Said, one of the most influential academics of the twentieth century, was born in Jerusalem in 1935 and lived through the early years of the Nakba. Said spent much of his academic career challenging how the West constructed knowledge about the non-Western world. His seminal work Orientalism, published in 1978, revealed how these constructions are deeply tied to structures of domination and imperialism.
Said’s Orientalism presents a groundbreaking critique of how Western civilization has historically perceived and represented the “Orient,” broadly defined as the Middle East, North Africa, and Asia. Said argues that Orientalism is not simply a field of academic study but a deeply political and ideological project: a Western style of domination, restructuring, and authority over the Orient. This system of thought produced and reinforced an image of Eastern societies as backward, irrational, barbaric, and exotic, in contrast to a civilized, rational, and enlightened West.
A central claim in Said’s work is that knowledge about the Orient was never neutral or objective. Rather, it was constructed through a lens of imperial power. Said also emphasizes that the Orient was not only invented to justify imperialism but to define the West itself. The Orient functioned as a contrasting image through which Europe could project its own identity. As Said explains, “European culture gained in strength and identity by setting itself off against the Orient as a sort of surrogate—an underground self.” The Orient, then, became a necessary “other,” essential to reinforcing Western ideas of modernity, morality, and progress. Historical examples, such as Napoleon’s invasion of Egypt and the writings of thinkers like Comte de Volney, show how Orientalist discourse was embedded in military conquest and political ambition.
This legacy of Orientalism is not confined to the past. It persists today, especially in how Muslim people are perceived in the West. Western depictions of Muslims have long relied on Orientalist stereotypes, portraying Muslim men as violent and threatening, and Muslim women as helpless and oppressed. Mainstream films like Aladdin collapse the immense cultural diversity of the Middle East and South Asia into a single, exoticized fantasy filled with sultans and magic carpets. After 9/11, these narratives became even stronger as Muslims were increasingly framed through the narrow lens of terrorism, extremism, and a threat to national security. As a result, the Orient continues to be imagined as a monolithic, dangerous, and backward space which is an image that shapes both foreign policy abroad and the lived experiences of Muslims at home.

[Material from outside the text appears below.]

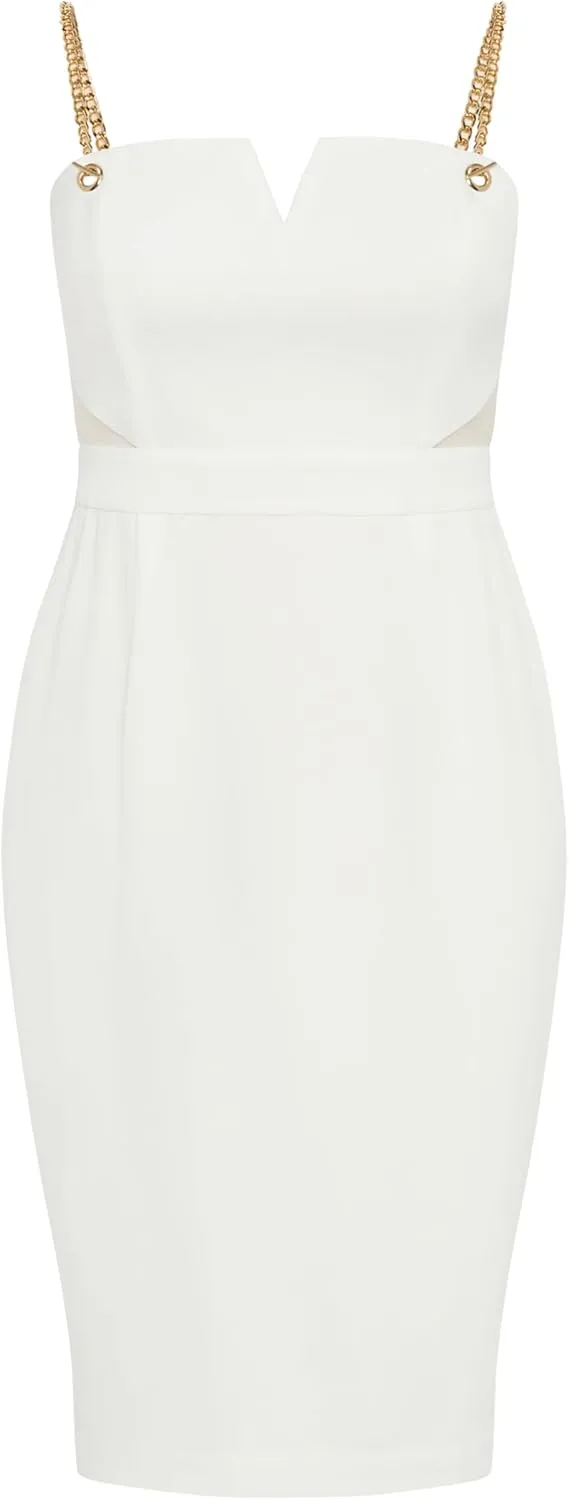 City Chic Women's Dress Ann Chain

Edward Said’s later work, particularly The Question of Palestine, makes this connection explicit. Zionist and Western narratives have long framed Palestinians as obstacles to progress, justifying the ongoing displacement and genocide of an entire people. Palestinians were cast as primitive and irrational, their removal made to appear necessary for the advancement of civilization. Said shows that Palestinians were not only colonized physically but were colonized in the imagination of the West, transformed into a racialized threat.
Understanding Orientalism helps us see that these representations are the result of a long historical process that ties knowledge production to imperial domination. Naming that history and resisting the frames it imposes is essential to our existence in the West. The stories told about us are part of a machinery of domination, and when we recognize this gaze for what it is, we can begin to dismantle it. That being said, dismantling this gaze does not stop at assigning it a name. This task can only be undertaken with collective will and action to refuse acceptance and adherence to the narratives imposed on us.